Each character is presented in their own original story at first. Over time, the stories start to overlap, and it is revealed that every character is somehow related. One character is the sibling of another who is friends of another character and neighbors with another. At certain times, you'll scream in shock to see one character's unexpected relation with another. But at the same time, it allows you to see another side of each character. A contrast between one or the other, a look at how much deeper their emotions go than we thought we knew.
Yes, the movie is strange and uncomfortable. Conversations are evoked that one would never have in ordinary life, topics I can't even mention here. However, the awkward moments don't detract from the story but instead make it better. They turn into little idiosyncrasies that reveal something about each character, whether it is a vulnerability, or an unknown strong point. Overall, the awkwardness is another method that brings together every character into a giant web.
While watching "Happiness," I was reminded of "Magnolia." "Magnolia is another story that is more about the characters than the actual plot, it is a story in which small decisions propel the plot forward with no real goal or destination at the end. However, "Happiness" does contain some sort of goal: a goal for the characters to reach the titular feeling. How they will do that is what they must figure out.
"Happiness" is directed with close precision by Todd Solondz. He uses the camera to usually follow around the characters, create creepy shadows to show one character's slip into madness, and many times allow different characters to chime in for narration. There is not one narrator, because not one character is truly the center of attention in this story. Despite the technical triumphs, the real triumph of the film is Hoffman's performance. Only he could make a character so unlikeable yet so easy to sympathize for at the same time.
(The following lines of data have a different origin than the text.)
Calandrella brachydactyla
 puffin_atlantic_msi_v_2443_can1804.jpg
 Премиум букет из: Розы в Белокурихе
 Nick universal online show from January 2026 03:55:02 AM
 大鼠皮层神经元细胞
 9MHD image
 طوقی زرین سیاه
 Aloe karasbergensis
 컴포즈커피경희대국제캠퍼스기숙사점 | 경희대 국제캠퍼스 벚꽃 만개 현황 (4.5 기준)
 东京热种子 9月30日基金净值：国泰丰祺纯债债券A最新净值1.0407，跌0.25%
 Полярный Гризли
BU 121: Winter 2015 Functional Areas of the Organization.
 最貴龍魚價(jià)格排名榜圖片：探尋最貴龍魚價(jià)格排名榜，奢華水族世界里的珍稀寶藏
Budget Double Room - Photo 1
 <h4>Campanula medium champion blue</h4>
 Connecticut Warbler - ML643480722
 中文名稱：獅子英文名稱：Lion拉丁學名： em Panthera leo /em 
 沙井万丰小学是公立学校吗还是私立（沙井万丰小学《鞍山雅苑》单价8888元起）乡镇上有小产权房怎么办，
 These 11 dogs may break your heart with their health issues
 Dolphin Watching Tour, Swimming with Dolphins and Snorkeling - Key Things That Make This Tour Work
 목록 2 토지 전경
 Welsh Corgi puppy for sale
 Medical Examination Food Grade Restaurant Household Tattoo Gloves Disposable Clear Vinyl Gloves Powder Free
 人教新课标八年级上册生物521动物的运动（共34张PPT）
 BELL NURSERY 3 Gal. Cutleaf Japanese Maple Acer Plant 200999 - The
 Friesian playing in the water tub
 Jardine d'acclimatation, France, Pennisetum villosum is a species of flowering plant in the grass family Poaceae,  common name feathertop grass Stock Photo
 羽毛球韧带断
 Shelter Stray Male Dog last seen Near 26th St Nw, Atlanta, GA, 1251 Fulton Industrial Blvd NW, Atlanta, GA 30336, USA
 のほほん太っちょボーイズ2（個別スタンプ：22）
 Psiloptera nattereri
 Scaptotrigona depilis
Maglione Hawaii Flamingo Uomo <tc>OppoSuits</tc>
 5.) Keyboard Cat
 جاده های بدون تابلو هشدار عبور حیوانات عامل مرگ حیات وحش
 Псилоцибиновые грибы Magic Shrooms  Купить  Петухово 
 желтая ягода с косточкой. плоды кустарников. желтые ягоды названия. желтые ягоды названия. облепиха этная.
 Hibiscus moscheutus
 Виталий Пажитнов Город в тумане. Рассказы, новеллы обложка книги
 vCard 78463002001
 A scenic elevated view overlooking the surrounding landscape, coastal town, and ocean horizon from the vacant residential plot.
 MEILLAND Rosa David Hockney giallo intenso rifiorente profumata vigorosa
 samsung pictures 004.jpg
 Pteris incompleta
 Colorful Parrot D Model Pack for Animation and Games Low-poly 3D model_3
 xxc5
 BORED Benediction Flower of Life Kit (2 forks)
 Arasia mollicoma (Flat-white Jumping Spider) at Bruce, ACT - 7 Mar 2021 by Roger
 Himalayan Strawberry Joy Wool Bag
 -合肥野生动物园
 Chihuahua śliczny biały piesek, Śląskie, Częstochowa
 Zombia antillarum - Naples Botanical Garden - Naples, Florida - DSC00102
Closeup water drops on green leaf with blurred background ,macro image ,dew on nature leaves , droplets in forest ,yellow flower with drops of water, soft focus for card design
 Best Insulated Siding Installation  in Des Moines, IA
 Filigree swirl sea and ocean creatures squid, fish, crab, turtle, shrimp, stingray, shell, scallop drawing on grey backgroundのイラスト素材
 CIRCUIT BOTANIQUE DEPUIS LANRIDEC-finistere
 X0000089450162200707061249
"Happiness" can be seen in many different lights. Some may view it as a pitch black comedy that gets huge laughs out of squirms. Others will see it as a very dark, brooding drama that is set up to reveal the flaws of each and therefore the fundamental flaws of mankind. The film, like "American Beauty," (which came out just a year after "Happiness), portrays ordinary people doing whatever they can to break free and discover truly the things that will bring them to a state of nirvana. You can enjoy this deep subtext within "Happiness," or you can just enjoy it for what it is: a smart, daring, devilishly funny look at those small things in life that no one likes talking about it.